TASK STATEMENT:
Please give every line below again exactly, but not its pictures.

STORED DATA:
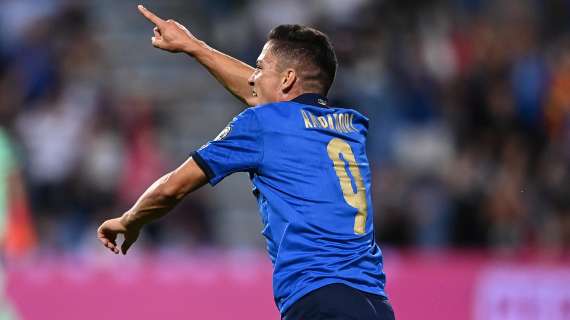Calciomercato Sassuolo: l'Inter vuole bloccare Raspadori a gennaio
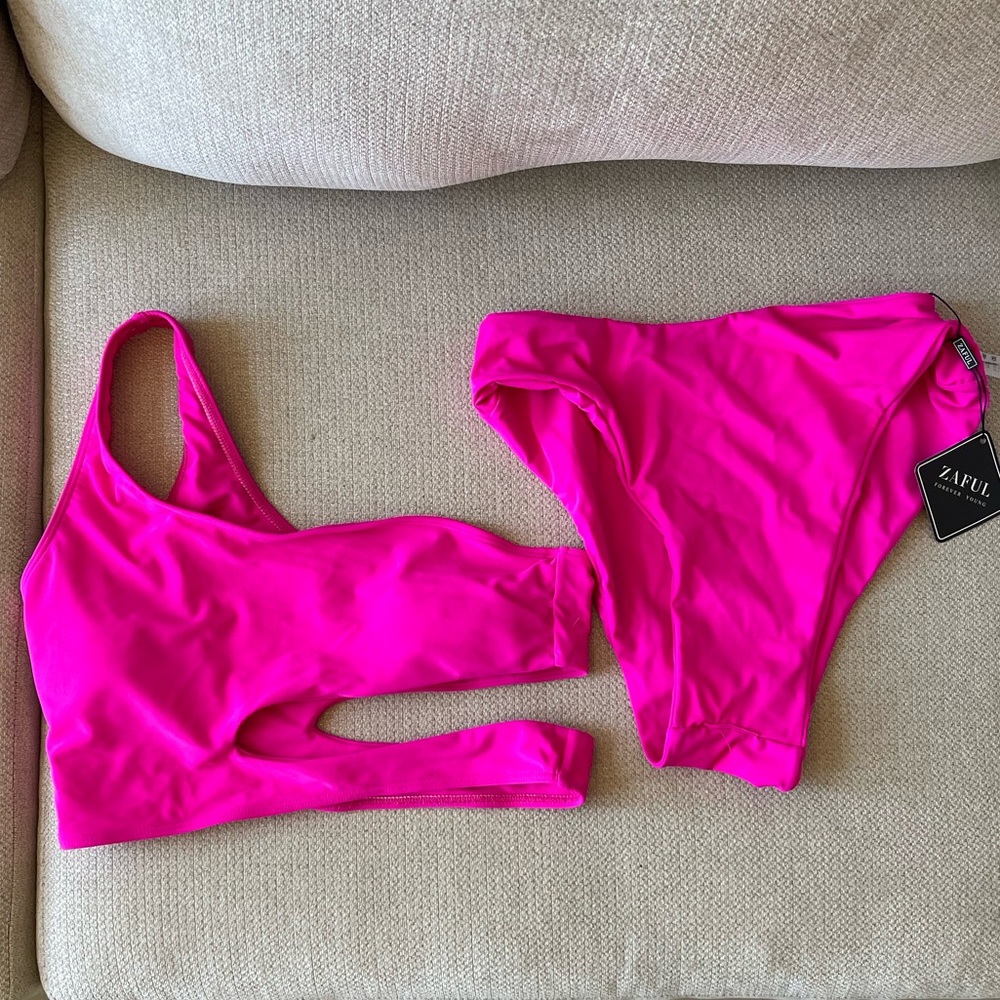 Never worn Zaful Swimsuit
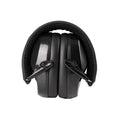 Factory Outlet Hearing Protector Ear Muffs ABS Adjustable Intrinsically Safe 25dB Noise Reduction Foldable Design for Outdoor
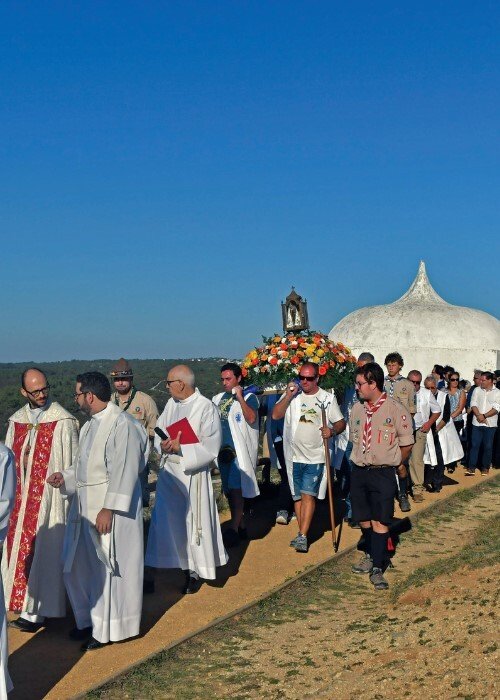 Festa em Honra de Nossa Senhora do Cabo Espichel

YOUR SOLUTION:
Calciomercato Sassuolo: l'Inter vuole bloccare Raspadori a gennaio
 Never worn Zaful Swimsuit
 Factory Outlet Hearing Protector Ear Muffs ABS Adjustable Intrinsically Safe 25dB Noise Reduction Foldable Design for Outdoor
 Festa em Honra de Nossa Senhora do Cabo Espichel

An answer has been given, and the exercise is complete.